Si bien lo que se ha dado en llamar neoliberalismo (la denominación informal que ha asumido el capitalismo contemporáneo) tiene muchos defectos, entre ellos no se cuenta ese.

La sociedad contemporánea ha deteriorado la cultura comunitaria y estimulado el individualismo, es verdad, pero a estas alturas hay que agradecerlo.

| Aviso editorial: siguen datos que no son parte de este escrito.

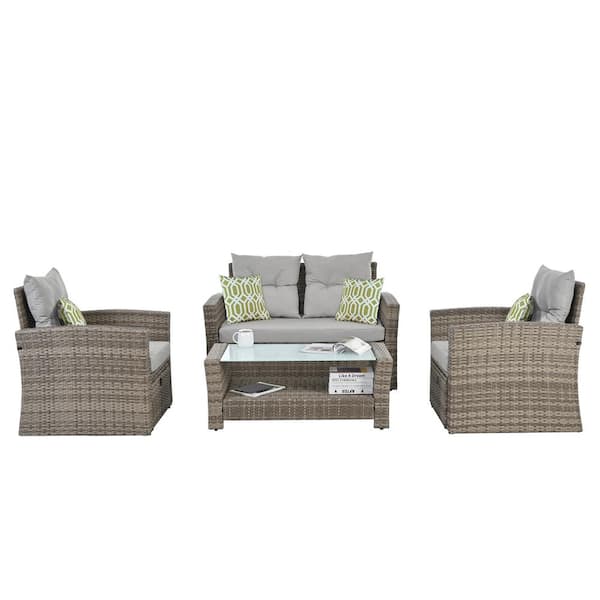 Unbranded Brown 6-Piece Wicker Outdoor Sectional Set, Patio Furniture Set with Coffee Table and Grey Cushions for Garden, Backyard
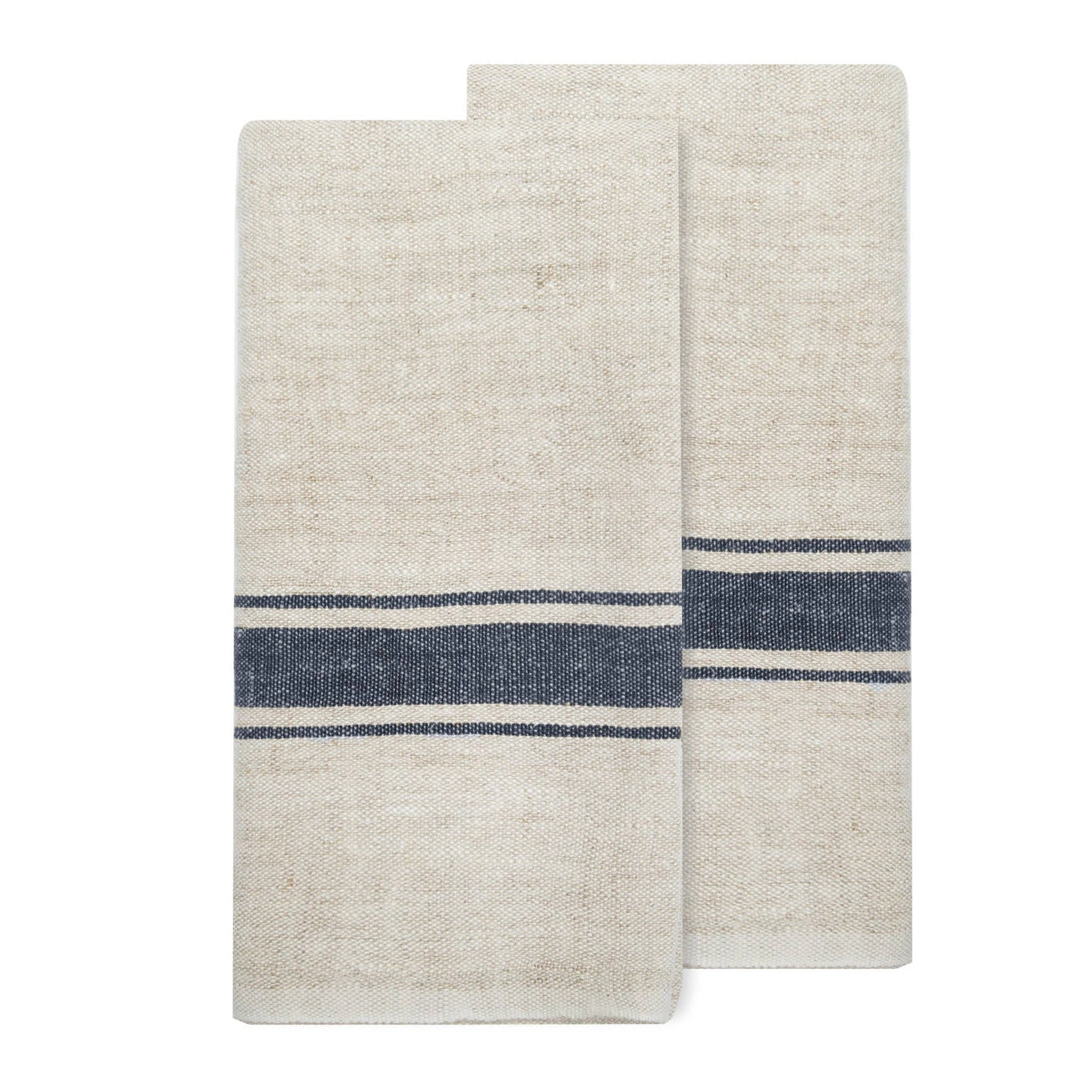 Two natural linen and cotton tea towels with dark navy blue center stripes on a white background.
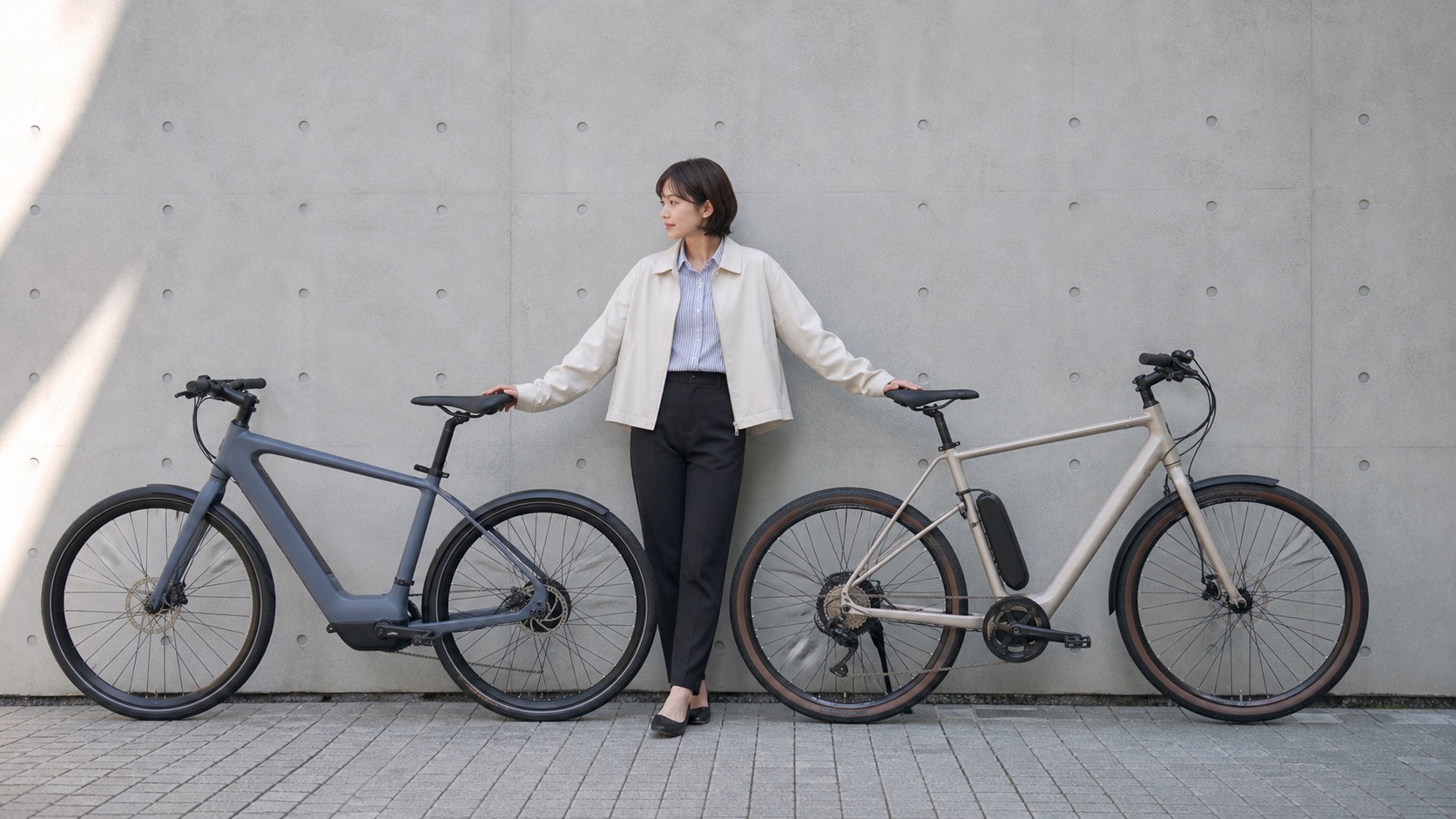 おしゃれなe-bikeのデザインを比較する日本人女性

Basta pensar lo que ocurriría en una sociedad donde el calor de la comunidad abrigara a las personas, para darse cuenta que el individualismo, la preocupación por sí mismo e incluso la tendencia a prescindir del contacto frecuente con los otros, es en estos días más benigno que dañino. La cultura colectiva y la práctica tribal (que bajo tantos respectos la condición humana reclama) acarrearía, con su estela de contactos, reuniones, conducta asociativa, abrazos y guitarreos, daños inimaginables en estos tiempos en que el mejor gesto hacia el prójimo es tratarlo como lejano, practicando una solidaridad meramente abstracta y distante, contenida. Porque eso es lo que hoy día se requiere: una cooperación formal y a distancia, y una confianza en los sistemas abstractos (en el intercambio del mercado, en la planificación del Gobierno, en el diseño organizacional) para evitar el desastre.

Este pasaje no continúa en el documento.